1. By these appeals, judgment and order passed by 2nd Ad-hoc Additional Sessions Judge, Yavatrmal on 23.4.2003 convicting the appellants (original accused Nos. 1, 2, 4 and 5) for an offence punishable under Section 302 read with Section 34 of the Indian Penal Code and sentencing each of them to suffer imprisonment for life and to pay a fine in the sum of Rs. 1000/-, in default, to suffer simple imprisonment for three months, is under challenge. Since all the three appeals are arising out of one and the same sessions trial, they are being disposed of by this common judgment.
2. Briefly stated prosecution case is as under:
On 21.9.2000 first informant Ganesh Deshmukh (PW 4) had reported to Police Station, Yavatmal about the incident dated 19.9.2000 of quarrel between Manda (sister of first informant) with A-1 Sunil on account of dispute between children. According to Manda, she went to City Police Station, Yavatmal to report against sunil, but police had not taken cognizance of her report and then she informed her brother Ganesh. On 21.9.2000 at about 06.00 pm complainant was informed by his nephew Gopal at ST Stand that A-1 Sunil with his 5-7 friends, went to the house of Manda, quarreled with her and abused her. PW 4 Ganesh with his brother Dinesh went to Pimpalgaon by scooter. While on the way A-1 Sunil and his 7-8 associates stopped them. A-1 Sunil assaulted the complainant by fist blow. A-1 Sunil had also knife in his hand and his associates were armed with sticks in their hands. Dinesh was also beaten and felled. PW 4 Ganesh was assaulted on stomach by A-1 Sunil by means of knife. PW 4 Ganesh was also assaulted by blow on his chest and on right shoulder. Dinesh died on spot.
3. Crime was registered vide No. 484/2000 at City Police Station, Yavatmal under Sections 143, 147, 148, 302 read with Section 149 of the Indian Penal Code and Section 135 of the Bombay Police Act. Investigation followed. Inquest over dead body was held at Main Hospital, Yavatmal. Investigating Officer API Dambelkar (PW 13) visited spot and prepared spot panchanama. Weapon knife was recovered at the instance of A-1 Sunil. Razor was recovered at the instance of A-2 Santosh. Upon completion of investigation, charge- sheet was filed in the Court of Chief Judicial Magistrate, Yavatmal who committed the case being Sessions Trial No. 41 of 2001 to the Court of Sessions at Yavatmal. Charge was framed on 5.8.2002 (exhibit 97). The appellants had denied it and claimed trial.

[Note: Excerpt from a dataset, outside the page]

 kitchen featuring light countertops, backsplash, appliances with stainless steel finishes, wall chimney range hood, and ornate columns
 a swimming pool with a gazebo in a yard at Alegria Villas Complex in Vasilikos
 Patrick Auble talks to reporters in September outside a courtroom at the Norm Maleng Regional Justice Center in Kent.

4. The prosecution examined fifteen witnesses and also relied upon documentary evidence to substantiate its version.
5. Trial Court placed reliance upon direct evidence as deposed by PW 4 Ganesh and PW 5 Ravindra as also documentary evidence led by the prosecution. The trial Court believed prosecution case to the extent that A-1 Sunil, A-2 Santosh, A-4 Bandu @ Suraj and A-5 Anil had in furtherance of their common intention murdered Dinesh on 21.9.2000 at village Pimpalgaon, District Yavatmal.
6. The defence counsel do not dispute that victim Dinesh met with homicidal death considering medical evidence as deposed by PW 14 Dr Wankhede and PW 15 Dr Ramteke.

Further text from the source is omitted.